DATA BLOCK below:
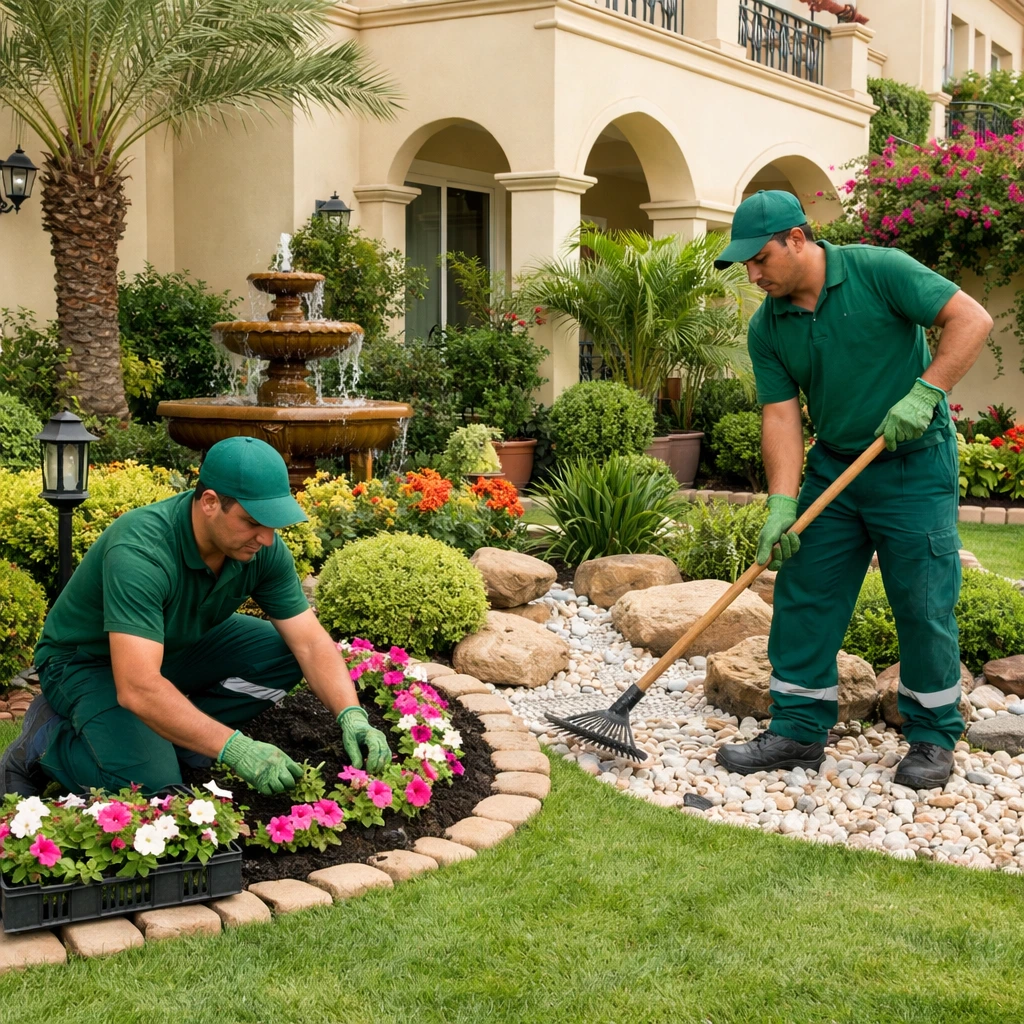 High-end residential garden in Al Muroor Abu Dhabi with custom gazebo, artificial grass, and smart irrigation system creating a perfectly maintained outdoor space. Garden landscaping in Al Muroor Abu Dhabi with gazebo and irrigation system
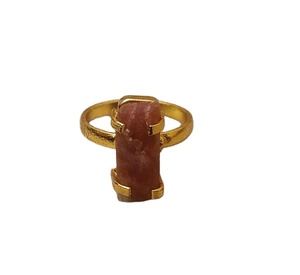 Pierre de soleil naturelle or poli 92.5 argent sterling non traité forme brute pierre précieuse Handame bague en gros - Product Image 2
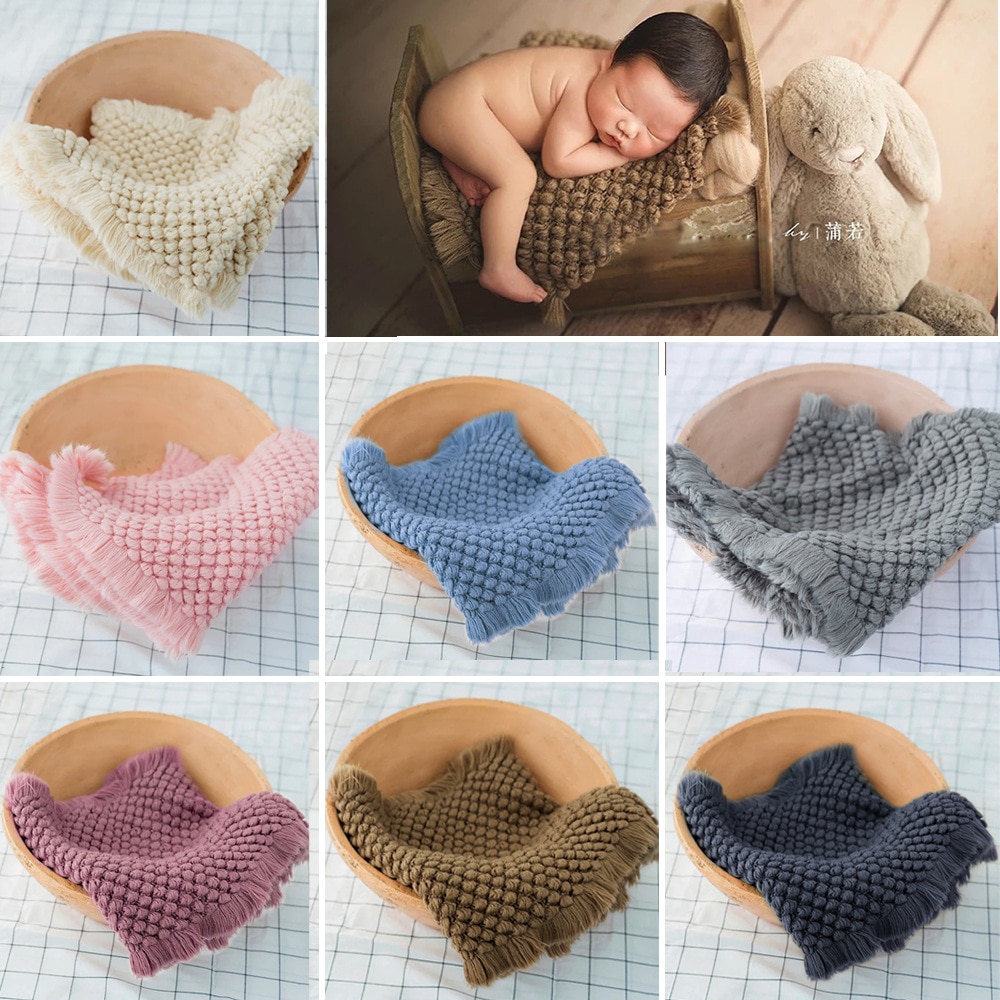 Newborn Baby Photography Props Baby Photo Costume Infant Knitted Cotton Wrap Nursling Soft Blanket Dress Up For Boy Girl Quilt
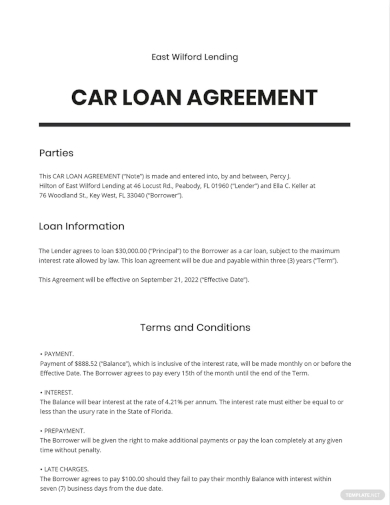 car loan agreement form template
End of DATA BLOCK.
-- WORK INSTRUCTION --
Leave out every picture and write out exactly the lines running from the line containing "Pierre de soleil" to the end of the listing above.

-- FINAL ANSWER --
 Pierre de soleil naturelle or poli 92.5 argent sterling non traité forme brute pierre précieuse Handame bague en gros - Product Image 2
 Newborn Baby Photography Props Baby Photo Costume Infant Knitted Cotton Wrap Nursling Soft Blanket Dress Up For Boy Girl Quilt
 car loan agreement form template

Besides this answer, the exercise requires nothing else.